Re: [Qemu-devel] [RFC] live snapshot, live merge, live block migration

Jagane Sundar <jagane@xxxxxxxxxx> · Mon, 16 May 2011 01:23:35 -0700

Hello Dor,

Let me see if I understand live snapshot correctly:
If I want to configure a VM for daily backup, then I would do
the following:
- Create a snapshot s1. s0 is marked read-only.
- Do a full backup of s0 on day 0.
- On day 1, I would create a new snapshot s2, then
  copy over the snapshot s1, which is the incremental
   backup image from s0 to s1.
- After copying s1 over, I do not need that snapshot, so
  I would live merge s1 with s0, to create a new merged
  read-only image s1'.
- On day 2, I would create a new snapshot s3, then
   copy over s2, which is the incremental backup from
   s1' to s2
- And so on...

With this sequence of operations, I would need to keep a
snapshot active at all times, in order to enable the
incremental backup capability, right?

If the base image is s0 and there is a single snapshot s1, then a
read operation from the VM will first look in s1. if the block is
not present in s1, then it will read the block from s0, right?
So most reads from the VM will effectively translate into two
reads, right?

Isn't this a continuous performance penalty for the VM,
amounting to almost doubling the read I/O from the VM?

Please read below for more comments:
2. Robustness of this solution in the face of
errors in the disk, etc.
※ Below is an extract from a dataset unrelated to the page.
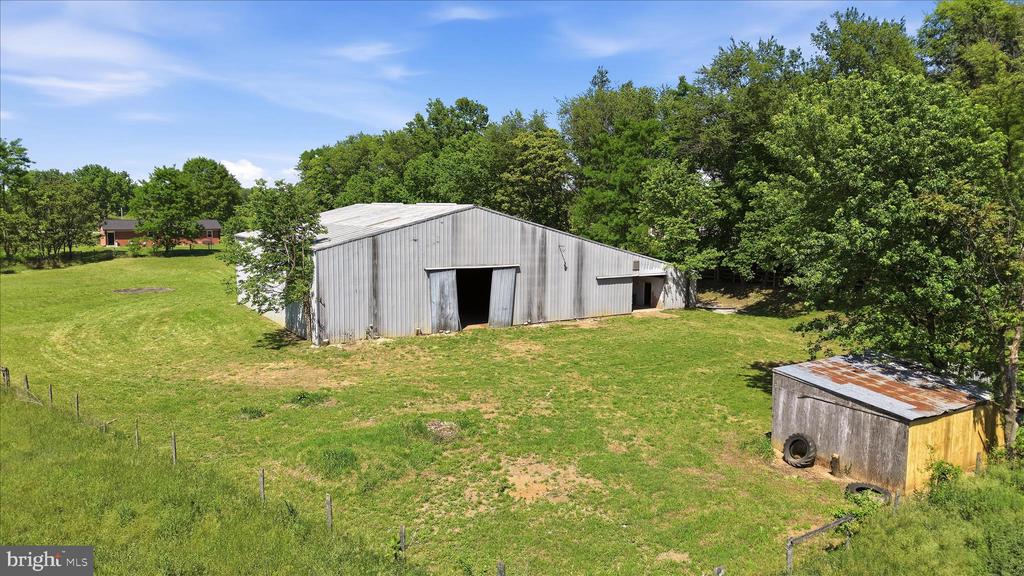 1381 LEETOWN ROAD
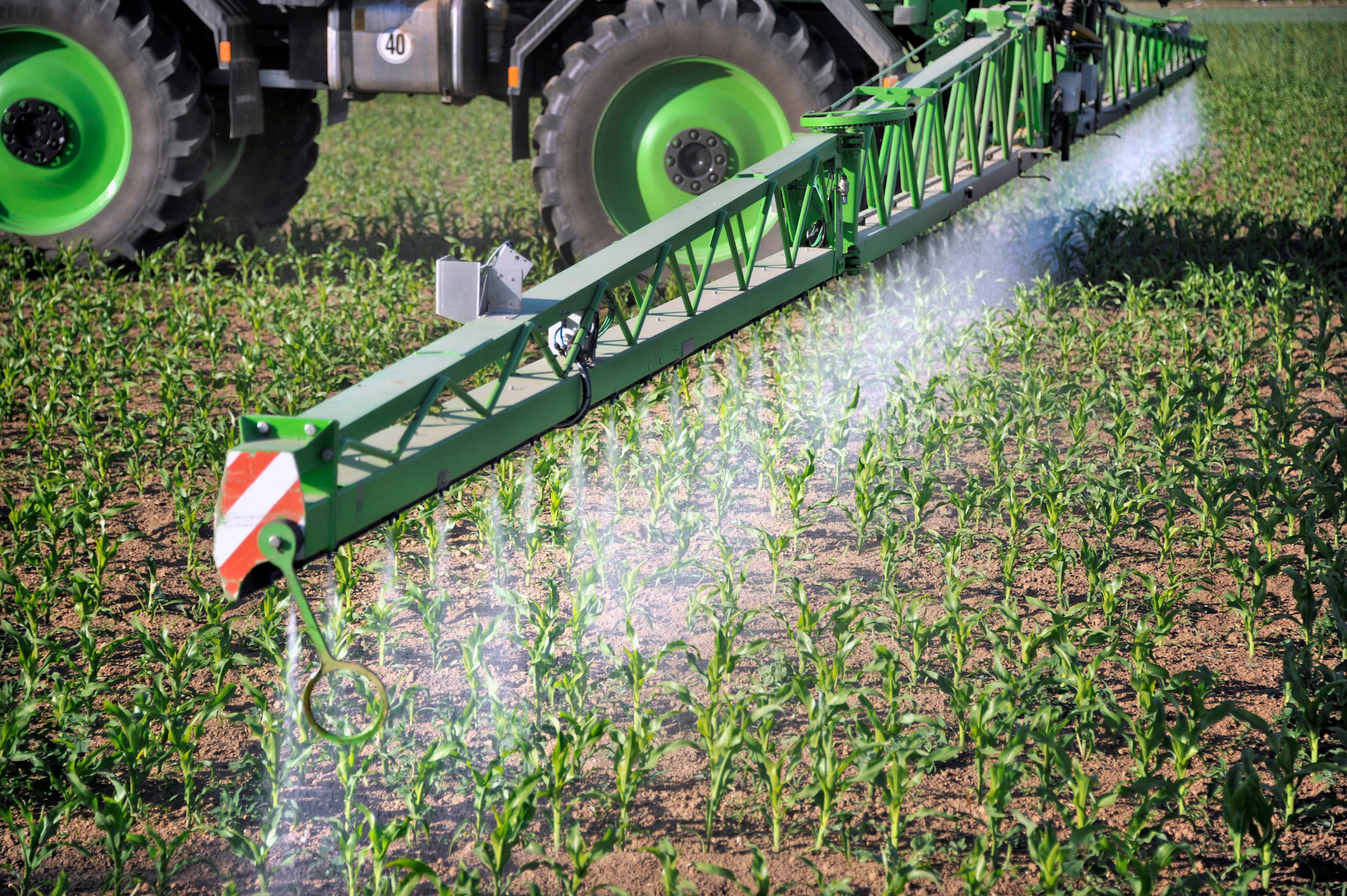 Milieubewegingen dagen Vlaamse regering voor rechter vanwege pesticidebeleid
If any one of the snapshot
files were to get corrupted, the whole VM is
adversely impacted.
Since the base images and any snapshot which is not a leaf is marked as
read only there is no such risk.

What happens when a VM host reboots while a live merge of s0
and s1 is being done?
The primary goal of Livebackup architecture was to have zero
performance impact on the running VM.

Livebackup impacts performance of the VM only when the
backup client connects to qemu to transfer the modified
blocks over, which should be, say 15 minutes a day, for a
daily backup schedule VM.
In case there were lots of changing for example additional 50GB changes
it will take more time and there will be a performance hit.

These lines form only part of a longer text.